By Jack Hayes
It’s hard to imagine a precinct in the City of Melbourne hit quite as hard from the unrelenting force of the current global pandemic like the CBD’s Chinatown Precinct.
Business slowed almost to a standstill throughout 2020, a snap lockdown in February this year stymied one of the biggest events on the lunisolar calendar, Chinese New Year, and most recently, plans for Chinatown to act as a focal point for the inaugural Rising Festival were thwarted by another two-week lockdown.
Although that would be enough to quash the spirits of most, the Chinatown Precinct, headed by president, Danny Doon, and vice-president, Eng Lim, used this period to develop an unwaveringly infectious optimism for their precinct and its traders.
“We have always wanted to stay positive and promote all the good things in the precinct, rather than focusing on lockdowns or other events out of our control,” Ms Lim said.
“That is why we are looking ahead to the rest of the year and the exciting events the Chinatown Precinct will be putting on for locals and visitors.”
The first of those events will see the delayed celebration of the Duan Wu, or Dragon Boat Festival, which falls on the fifth day of the fifth month on the Chinese calendar.
Initially earmarked for mid-June, the Dragon Boat Festival will be held at Chinatown Square, Cohen Pl, between 12pm and 3pm on Sunday, June 27 and will feature Zongzi (sticky rice dumpling) making demonstrations, a lion dancing performance and an explanation of the history and story of the Dragon Boat Festival.
“The Dragon Boat festival is a national holiday in China and a huge occasion for the precinct,” Ms Lim said.
“Moving forward to August, we are looking to celebrate Chinese Valentine’s Day which occurs on the seventh day of the seventh month on the Chinese calendar, which coincidentally happens to fall on the 14th.”
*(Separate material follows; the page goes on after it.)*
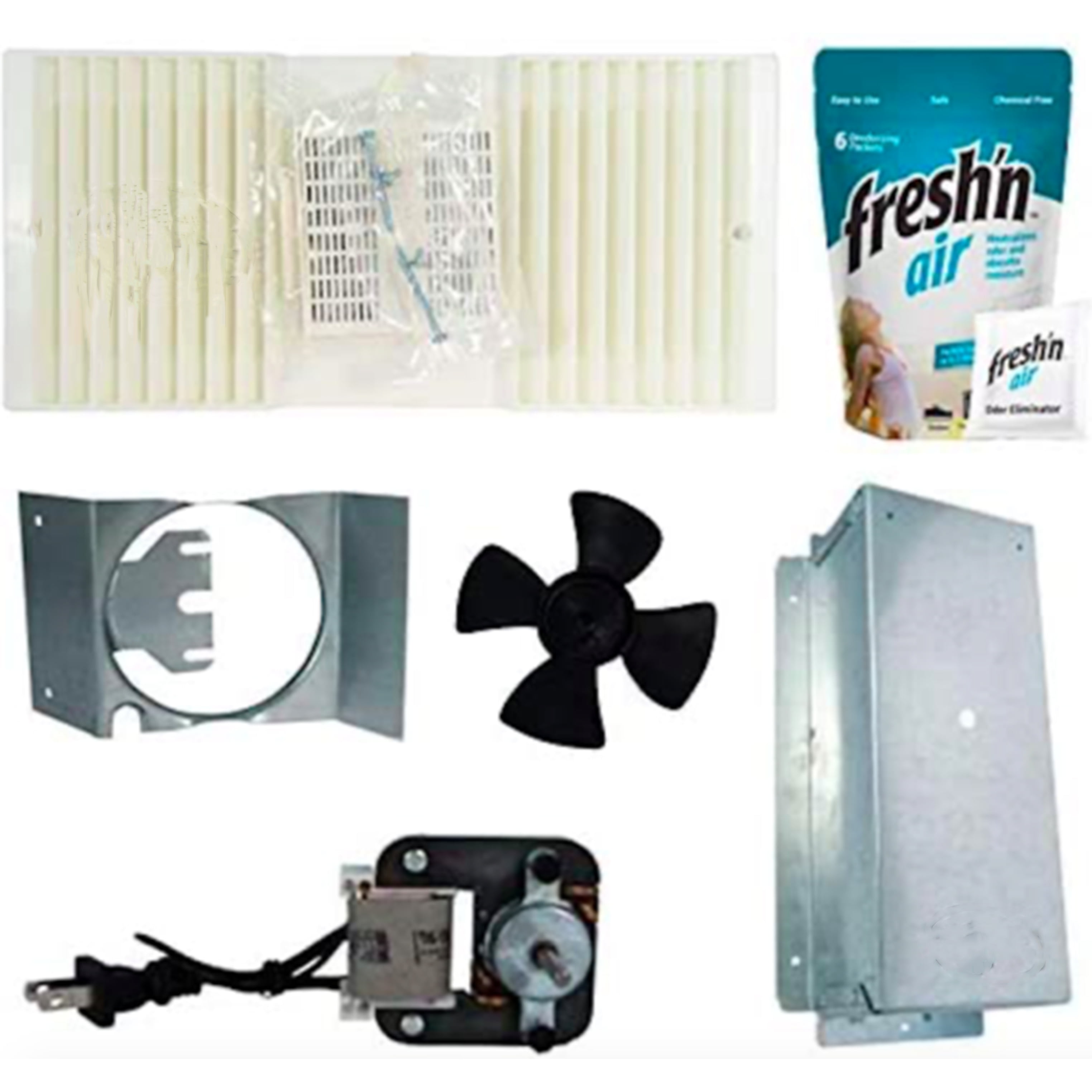 COMPLETE UNIT CA90 Ductless Exhaust Fan Grille Louver, Motor+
“Our next major event after that will be the Mid-Autumn Festival on Saturday, September 18. It is one of the most important holidays of the year.”
Along with a number of major events to round out the year, the precinct continue to hold their weekly Chinatown Melbourne Market each Friday and Saturday, from 4pm to 10pm along Heffernan Lane.
From dumplings to noodles, BBQ skewers to desserts, visitors are indulged with the best variety of street food, merchandise, and memorabilia that Melbourne’s Chinatown has to offer.
Parallel to a multitude of planned activations from the precinct, Mr Doon said the injection of business from the council’s 20 per cent “Melbourne Money” rebate scheme had come as a welcomed relief for traders.
The first week of the initiative saw Victorians claim $1 million of the $8.4 million provided by the City of Melbourne and Victorian Government in cash back in a move to return visitors to city’s restaurants, cafes and bars.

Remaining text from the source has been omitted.